Required action: Beginning with the line that holds "Chapter 41 page" and ending with the last line, please repeat the entries exactly and omit the pictures.
**** Stored data
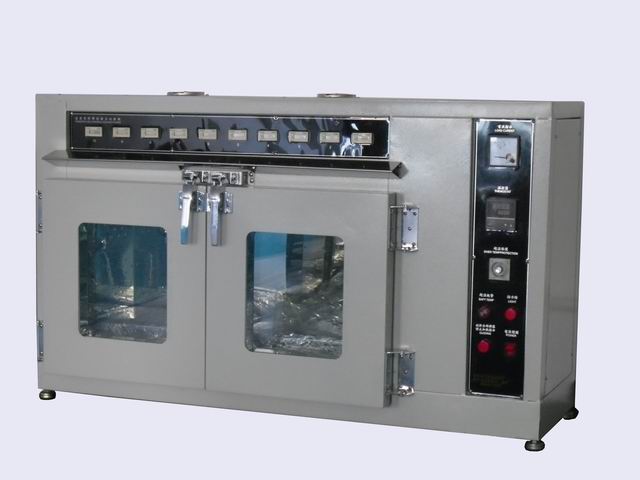 1722490709661441.jpg 保持力試驗機(高溫).jpg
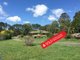 Photo - 2 Roberts Drive, Cooroy QLD 4563 - Image 1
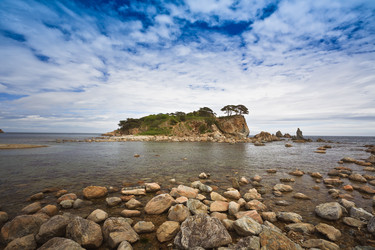 Similar image 525880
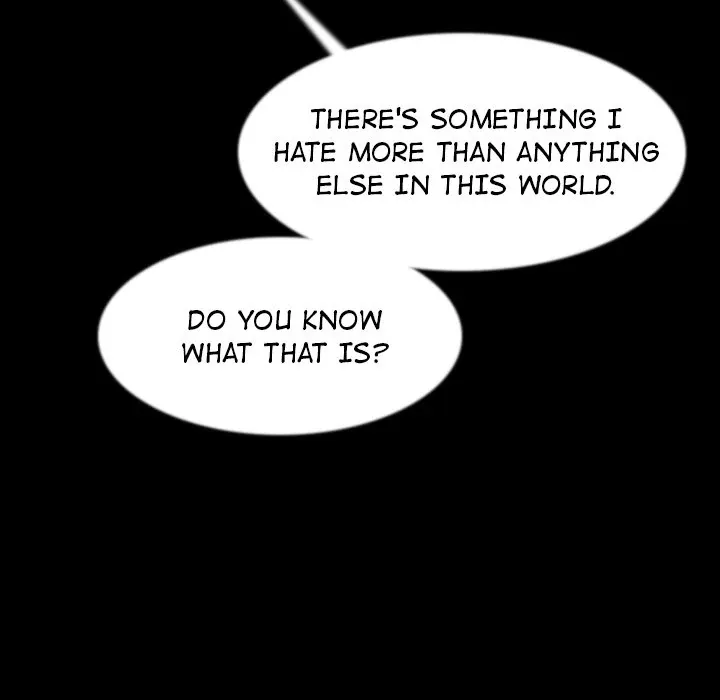 My Body {official} Chapter 41 page 98 - 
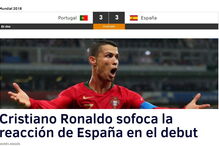 2018-06-15_21_14.58 el mundo.jpg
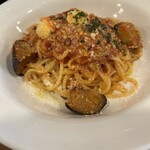 ポポラマーマ 門前仲町店 - 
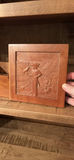 Folding Pocket Knife & Wooden Box With Change - thumbnail 7 of 10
********
Solution to this exercise:
 My Body {official} Chapter 41 page 98 - 
 2018-06-15_21_14.58 el mundo.jpg
 ポポラマーマ 門前仲町店 - 
 Folding Pocket Knife & Wooden Box With Change - thumbnail 7 of 10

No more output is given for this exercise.